Instructions to follow
The expected answer is the set of lines in the data below between the line holding "Mukwa Safety Services" and the line holding "imageHudson Baby Unisex", inclusive, written out exactly.

Available data
▬▬▬▬▬▬▬▬▬▬
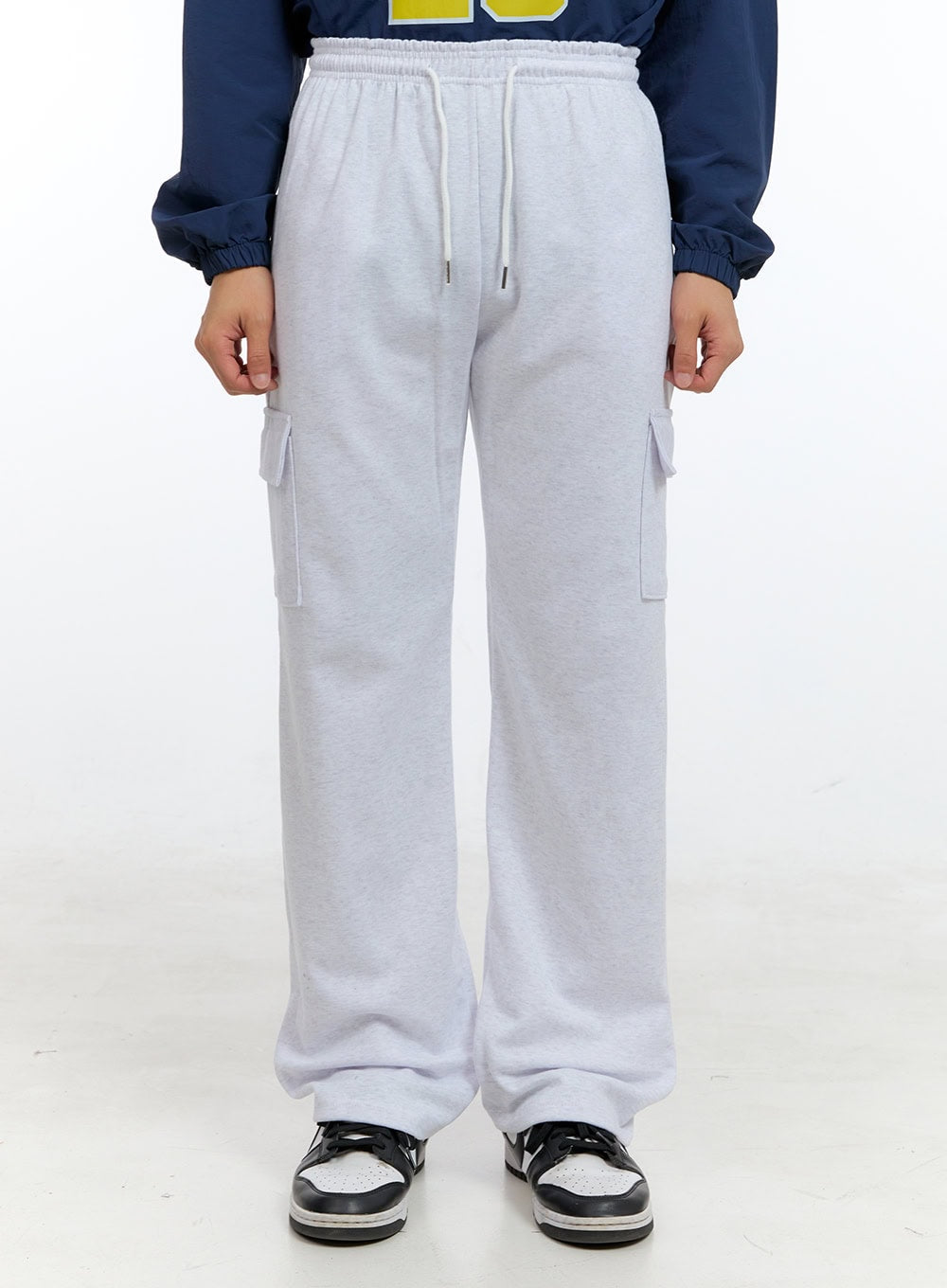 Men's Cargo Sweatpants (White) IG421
▬▬▬▬▬▬▬▬▬▬
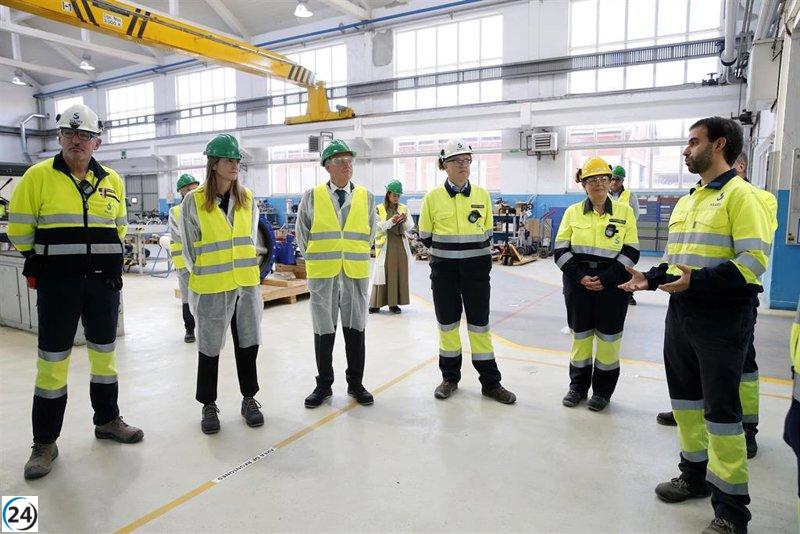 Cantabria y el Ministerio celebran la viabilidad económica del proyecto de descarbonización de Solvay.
▬▬▬▬▬▬▬▬▬▬
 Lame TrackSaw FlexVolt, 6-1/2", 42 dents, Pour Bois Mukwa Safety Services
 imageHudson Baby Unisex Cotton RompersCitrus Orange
▬▬▬▬▬▬▬▬▬▬
Final answer
 Lame TrackSaw FlexVolt, 6-1/2", 42 dents, Pour Bois Mukwa Safety Services
 imageHudson Baby Unisex Cotton RompersCitrus Orange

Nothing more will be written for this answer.